Vista de La Barcenilla en los años 60.

Los Espacios Intangibles se centran esta semana en la ribera del Ebro en Reinosa

Bárcena, barcenilla, es un topónimo muy característico de Cantabria referido a los lugares llanos próximos a un río, generalmente en un meandro de suaves riberas apropiadas para cultivos, que sufre periódicamente inundaciones. Es posible que la palabra provenga de la voz prerromana bargina, derivada de barga, campo inundado.

El emplazamiento reinosano de La Barcenilla responde en parte a ese modelo, pero reúne otras características que lo hacen diferente. Adosado a un empinado promontorio de roca caliza que estrecha notablemente la bárcena, formada, a su vez, en el espacio de confluencia entre el Híjar y el Ebro. El diminutivo barcenilla es, por tanto obligado dadas las características físicas del lugar.

La ocupación humana transformó y, en cierta forma, redujo ese espacio. Una senda paralela a la margen izquierda del río y una línea férrea delimitan el pequeño triángulo urbanizado. Esta última ha sido, indudablemente, el factor determinante en la configuración del barrio. El desarrollo urbano de los núcleos afectados por el ferrocarril tuvo siempre en las vías del tren una frontera física y sociológica. Lo que estaba al otro lado, es decir, los espacios urbanos o periurbanos a los que se accedía cruzándolas, quedaban en cierta medida marginados. Solo el empuje urbanizador de la segunda mitad del siglo XX propició, en muchos casos, la ocupación residencial (no tanto la industrial) de estos lugares.

La Barcenilla puede considerarse, en su evolución, un ejemplo de adaptación a los cambios promovidos por el desarrollo industrial en áreas de la periferia urbana. Espacios geográficos imprecisos, zonas de contacto con los núcleos rurales inmediatos, en ocasiones poco favorables, por su tamaño y condiciones, para albergar las grandes instalaciones industriales o residenciales, pero que, por esa misma razón, más asequibles, dado el menor valor del suelo. Su condición de lugares mestizos se refleja en la interesante mezcla de usos dentro de un espacio muy reducido: agrario, manifestado en las huertas; preindustrial, denotado por el calero o el molino harinero; industrial, visible en los pequeños talleres o fábricas; residencial, con viviendas bloque típicamente urbanas y construcciones aisladas de tipo rural.

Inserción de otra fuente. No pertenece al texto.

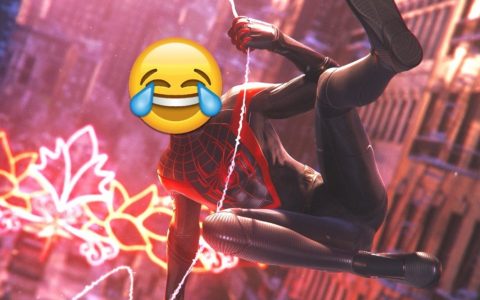 The Miles Morales bug broke the game in the most enjoyable way
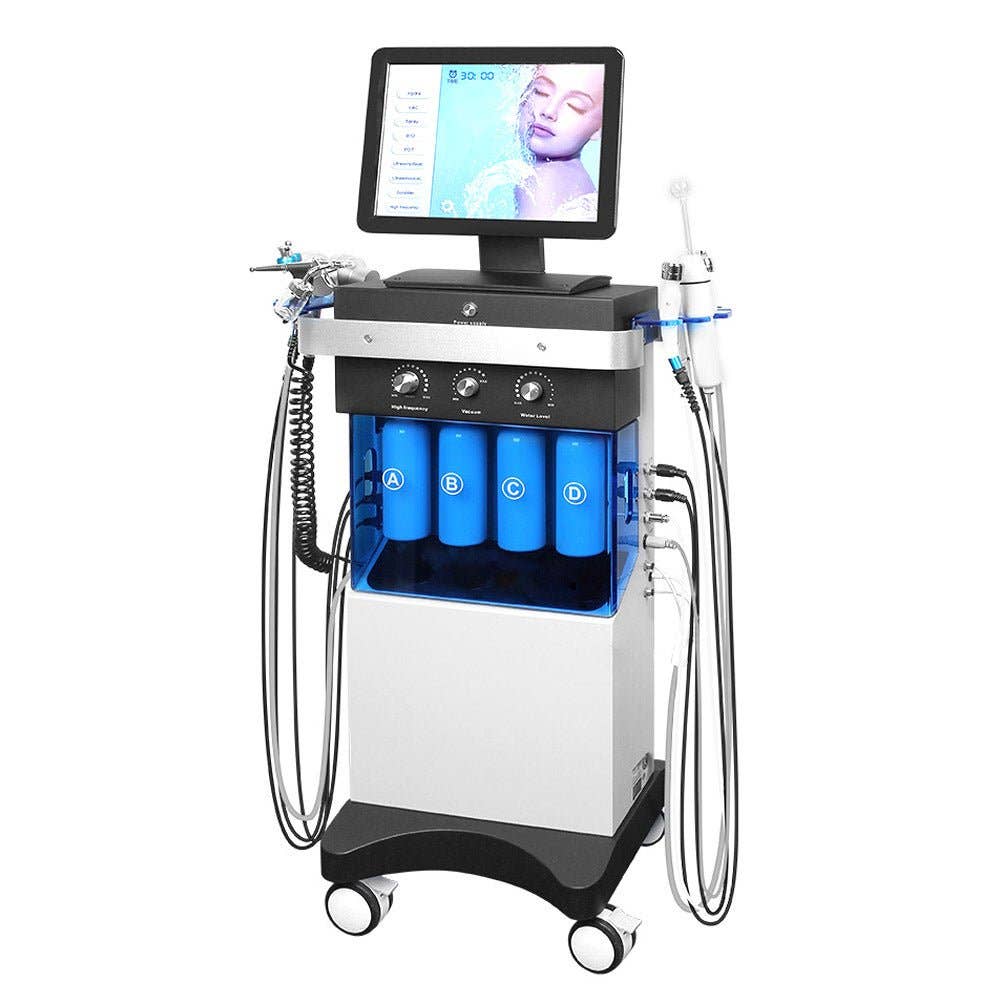 Cavitation Machines - Wholesale Electronic Skincare Device - Shape Tactics 14-in-1 Advanced Hydrodermabrasion & Plasma Rejuvenation System3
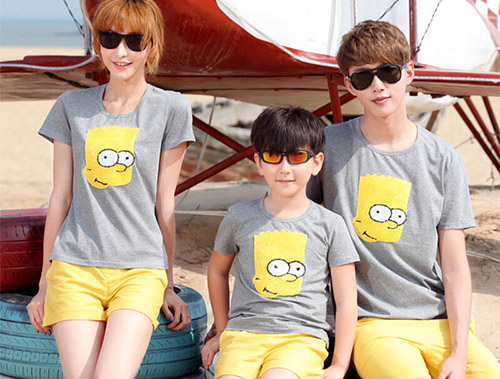 唯爱亲子装加盟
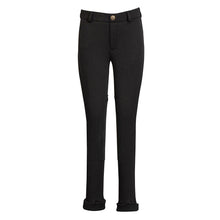 Load image into Gallery viewer, TuffRider Children's Unicorn Unifleece Pull-On Knee Patch Winter Jodhpurs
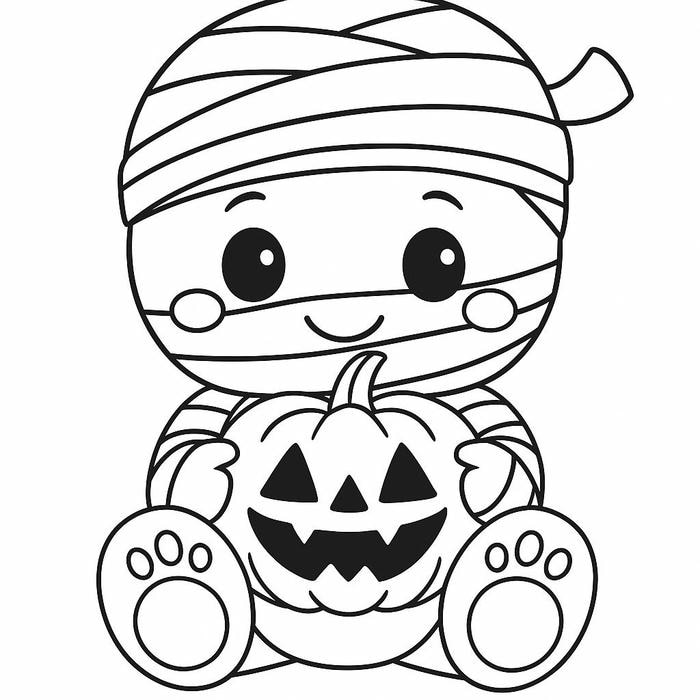 Mạng nhện giăng quanh chiếc mũ phù thủy trong hình vẽ Halloween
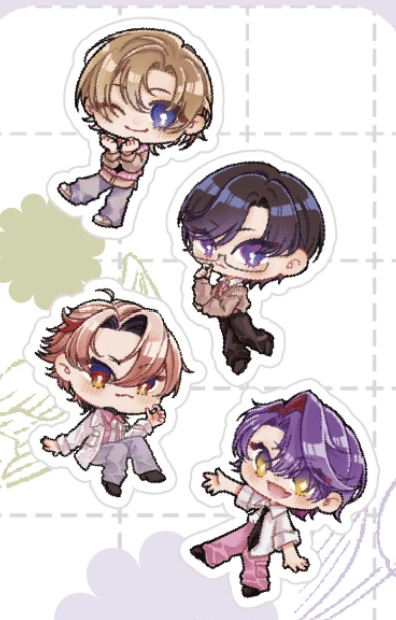 全斷貼紙包 | Seasons of Love?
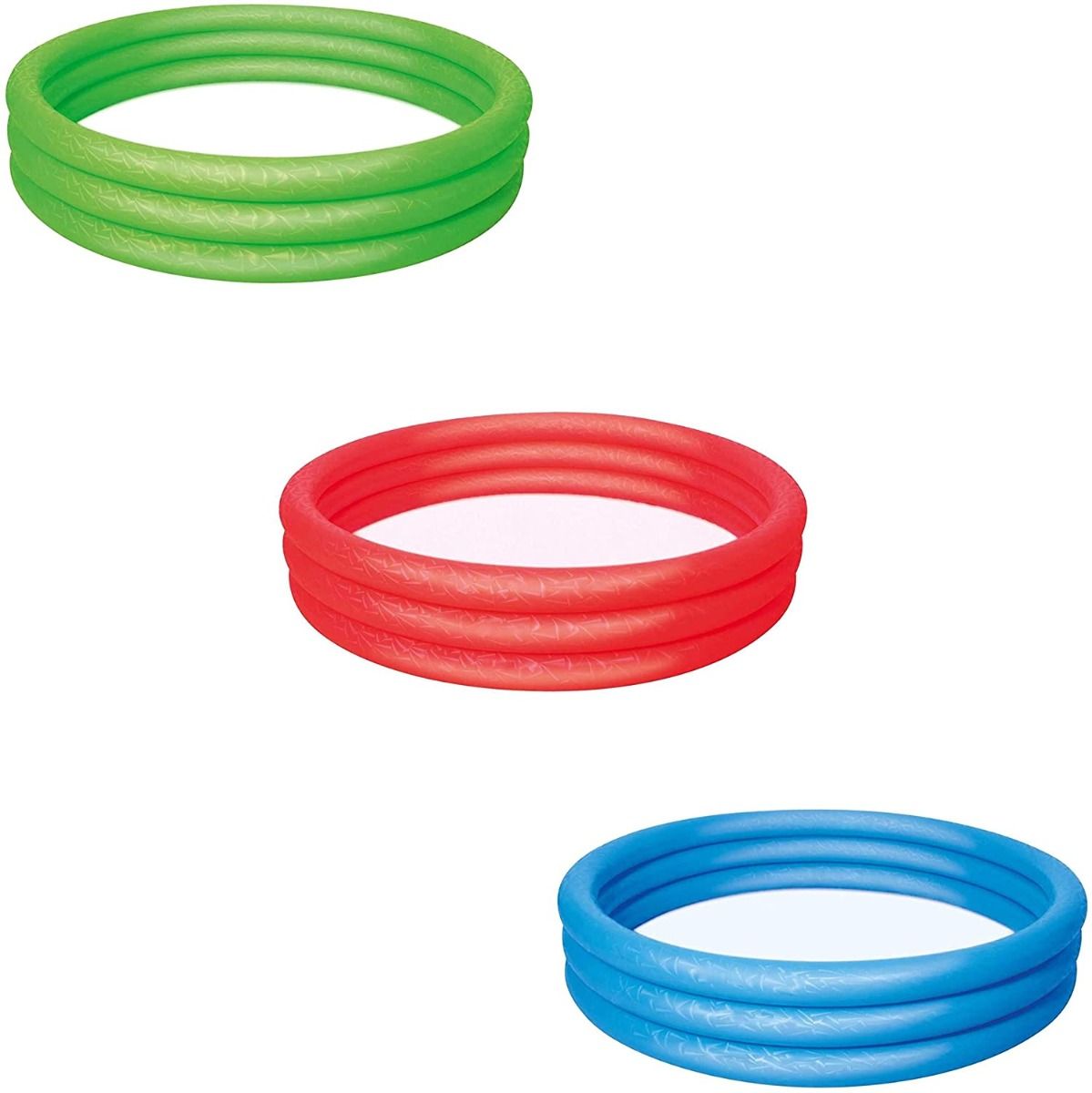 Bestway Swimming Inflatable Play Pool 6x13 inch Assorted 51027 - Colorland Toys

A todo esto hemos de sumarle el hecho de que el lugar es, también, zona de comunicaciones claramente marcada por la presencia del paso a nivel que da acceso al barrio, pero también al camino que comunica con el vecino núcleo rural de Requejo. Este hecho motivó que durante mucho tiempo fuera frecuentado por paseantes que le añadieron un uso recreativo, como espacio de ocio.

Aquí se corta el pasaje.